Observability

Fleans is built on .NET Aspire’s ServiceDefaults, which means every silo (Fleans.Api, Fleans.Web, Fleans.WorkerHost, Fleans.Mcp) ships with the same observability primitives wired in by default: health-check endpoints, OpenTelemetry metrics + traces, and structured logging via the [LoggerMessage] source generator. This page documents what is emitted today and how to consume it.

What Fleans emits today

Out of the box, every silo exposes:

HTTP probes at /health (readiness — runs all registered health checks) and /alive (liveness — only checks tagged live). Both endpoints are anonymous so probes work even when JWT/OIDC auth is enabled.
OpenTelemetry metrics from the Microsoft.Orleans and Fleans meters plus the standard ASP.NET Core, HttpClient, and .NET runtime instrumentation.
OpenTelemetry traces from the Microsoft.Orleans.Runtime, Microsoft.Orleans.Application, and Fleans activity sources, plus ASP.NET Core and HttpClient.
Structured logs with workflow-aware scopes (workflow id, process definition, instance id) generated via [LoggerMessage].
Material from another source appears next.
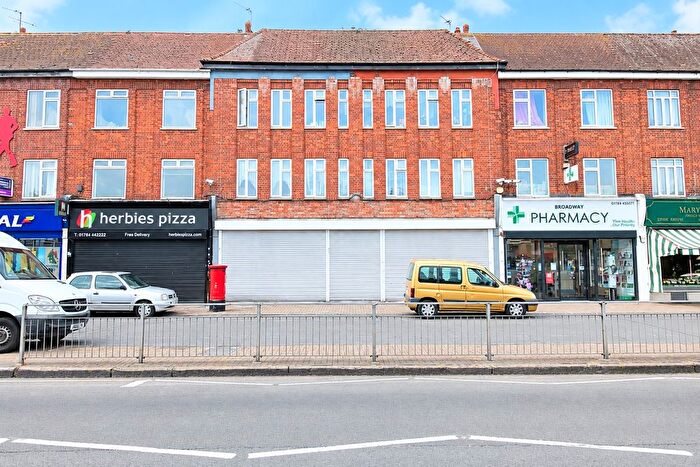3 Bedroom Flat To Rent In Broadway, Kingston Road, Staines-Upon-Thames, Surrey, TW18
Wiring lives in Fleans.ServiceDefaults/Extensions.cs — ConfigureOpenTelemetry, AddDefaultHealthChecks, and MapDefaultEndpoints. The Fleans-defined Meter and ActivitySource themselves live in Fleans.Application/Observability/FleansDiagnostics.cs and are registered by name (no project reference required).

Fleans-defined metrics

Meter name: Fleans (instrumentation version 1.0.0).

Metric	Kind	Unit	Description	Attributes
`fleans.workflow.started`	Counter	`{instances}`	Workflow instances started.	none
`fleans.workflow.terminated`	Counter	`{instances}`	Workflow instances that reached a terminal state.	`result={completed,cancelled}`
`fleans.activity.duration`	Histogram	`ms`	Per-activity wall-clock duration. Explicit buckets: `[10, 50, 100, 250, 500, 1000, 5000, 10000, 30000, 60000, 300000, 600000]` ms — sub-millisecond script tasks through 10-minute REST calls.	`activity.type`

Deferred to a follow-up: fleans.workflow.active (a non-terminal-count gauge) requires engine-side cooperation to seed from persistence at silo startup so the count survives silo restarts. It is intentionally not shipped in this initial Meter to avoid a known-broken metric. Track via the Fleans GitHub project.

Best-effort caveat (fleans.activity.duration). Start times are kept per-grain in memory. If a silo restarts mid-workflow, in-flight activities whose ActivitySpawned event landed before the restart will not record a duration on completion. The counters above are unaffected — they emit on the journaled event, not in-memory timing.

Activity source Fleans (tracing). Declared and registered today; dedicated per-event spans (timer fired, message correlated, compensation walk advanced, custom task plugin executed) are a follow-up — plugin authors can already attach spans to FleansDiagnostics.ActivitySource from their own handlers.

Sample Prometheus alert rules

- alert: FleansWorkflowFailureSpike
  expr: rate(fleans_workflow_terminated_total{result="cancelled"}[5m]) > 0.5
  for: 5m

- alert: FleansActivityP99Slow
  expr: histogram_quantile(0.99, rate(fleans_activity_duration_bucket[5m])) > 30000
  for: 10m

Health checks

Two endpoints are mapped by MapDefaultEndpoints:

Endpoint	Purpose	Probe semantics
`GET /health`	Readiness — should this silo receive traffic?	Runs every registered health check.
`GET /alive`	Liveness — is the process responsive at all?	Runs only checks tagged `live`.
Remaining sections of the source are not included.